I know the forms of "Goodbye" mentioned above are different from "Be Safe!" because they are simply versions of parting words. "Be safe!", at first, replaced only phrases like "Drive Safely!" and "Be careful tonight!"  But those are situation specific.  "Be Safe!", on the other hand, has even started to replace the usual parting words for some people.  It's too specific to do that.

Not every parting occurs under potentially dangerous conditions. Unless you habitually part in dark alleys.  Or, unless you are a super-hero who is continually rescuing curb-side-stepping idiots from certain bus-whompings. Or, unless you are a cop who talks to people in the mean city streets on Saturday nights. There is a narrow set of circumstances where "Be Safe!" makes perfect sense.  But no, you, regular everyday civilian folk, don't have any goddamn reason to suspect the person from whom you are removing yourself is in any more danger now that you're gone than they were when you were right there with them.  That's a pretty stupid thing to think, non-super-person.

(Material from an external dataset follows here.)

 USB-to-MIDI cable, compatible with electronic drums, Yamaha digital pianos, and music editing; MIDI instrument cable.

Second, that phrase is too damn up in my business. I can't stand that "Be Safe!"  is so much of a command.  It's in the imperative mood, like so many partings; but it assumes so much authority!  Even "Have a good one!" is giving someone an imperative.  But having "a good one" is so metaphorical and vague, you can have a good one of anything and still satisfy your friend's or acquaintance's culturally imperative parting imperative. I ate a croissant. Done!  Or, I hugged a towel fresh from the dryer. Done!  Having a good one is easy, and it makes me glad that other folks might wish me to have one, in any of its forms.  But whether I do safe things after talking with you is none of your damn business.  While I might not be in immediate danger after leaving a Be-Safer's presence, I certainly feel the pressure of this imperative, because it is delivered with such ownership. It's like the bestower of the imperative is a grand master of safety, and you, on the other hand, are a stumbling, bumbling, drunken, ne'er-do-well whom they have every right to expect will get into trouble tonight. Me? Be safe? YOU be safe. Boring safe person.

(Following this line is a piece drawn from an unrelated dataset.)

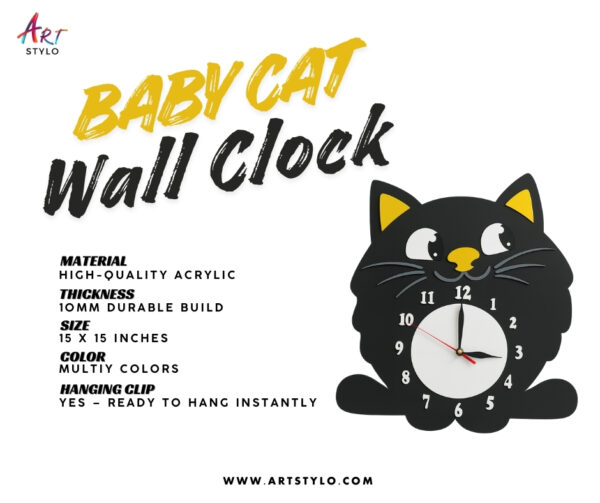 Acrylic cat-shaped wall clock for kids’ room décor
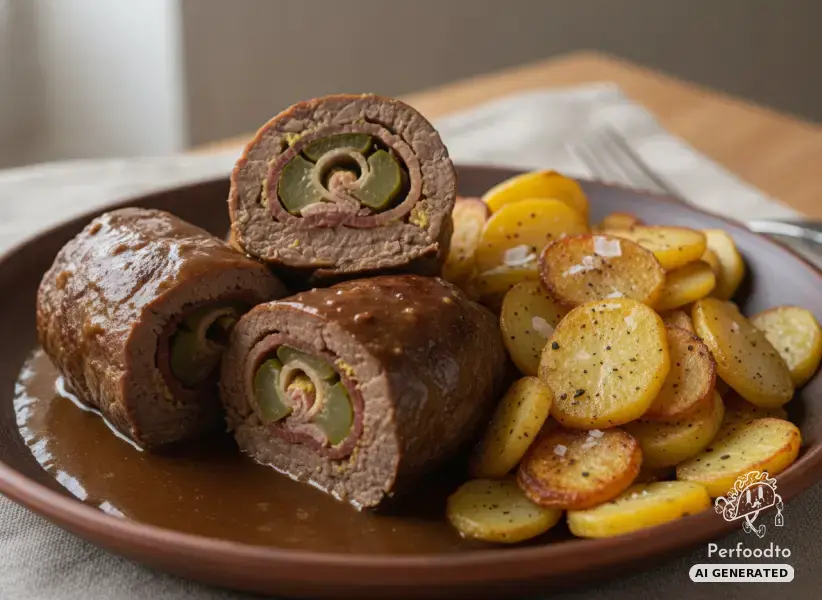Gefüllte Rindsrouladen mit Bauchspeck und knusprigen Bratkartoffeln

I've said much about the individual's usage of "Be Safe!", but this last gripe applies to both Be-Safers and "Be Safe!" signage.  I simply can't stand the pragmatics of that phrase. Telling someone, imperatively, to be safe, is just not sensible. While it may be too specific for a generic parting, it's not specific enough for signage or for an actual safety concern. Without more direction, your signs and well-wishes are meaningless.  What exactly do you want me to do to accomplish safety? And, more importantly, do I ever really have any control over whether I am safe? 

I can take measures.  I can chew food completely before swallowing.  I can tie my shoes mightily tight to avoid tripping on laces.  I can avoid dark alleys, rabid-looking animals, diving pools, dive bars.  But even in this relatively safe bubble I may create by avoiding the joys of sticky bar stools and rabies shots, "Be[ing] Safe!" is not under my control.  There are highwaymen. There are asteroids. There are papers that cut. You, Be-Safer, and your "Be Safe!" signs, are telling me to do something quite humanly impossible. What the hell do you expect? 

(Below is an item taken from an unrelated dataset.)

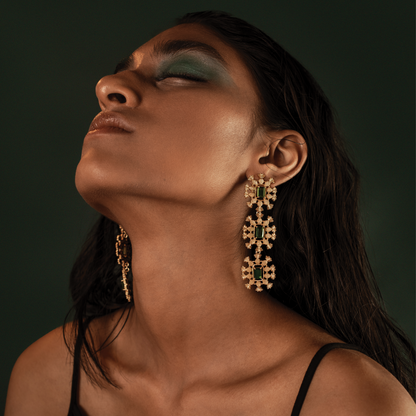 Pina Green Topaz & Gold Earrings. 2 of 5.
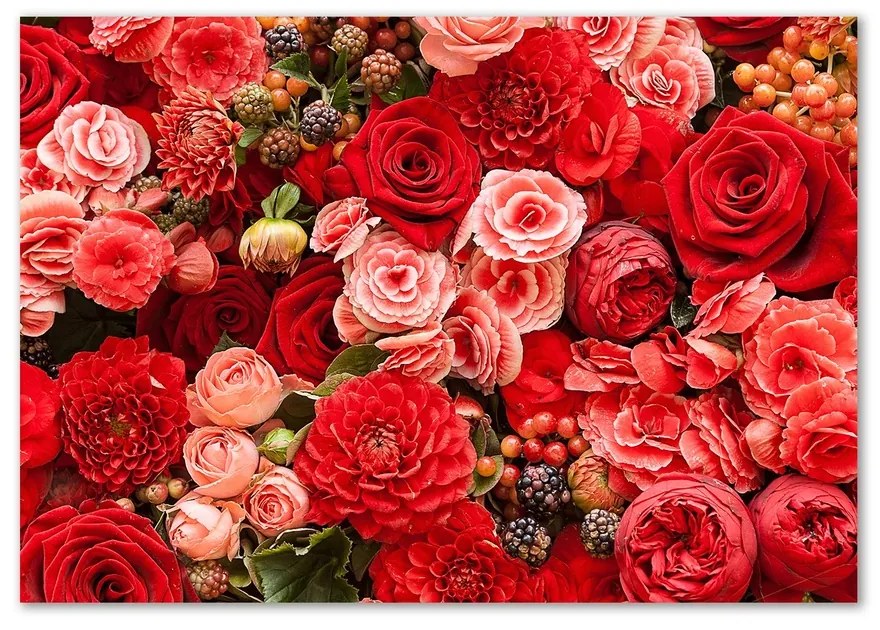 Foto obraz sklo tvrdené Červené kvety pl-osh-100x70-f-89362554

This evening as I walked up to the train platform at 57th Street, after traipsing through the famously sketchy U Chicago neighborhood, there it was.  A blinking sign announced the next arrival time, and then it flashed: "BE SAFE!...BE SAFE!...BE SAFE!"  I donned my ear muffs, toed right up to the yellow bumpy edge of the sunken tracks, and let the wind push me a little as a freight train screamed by with its 3000 tons of petroleum tankers.  I imagined them flying off the tracks and exploding against the side of the platform.  I felt as safe as I could be.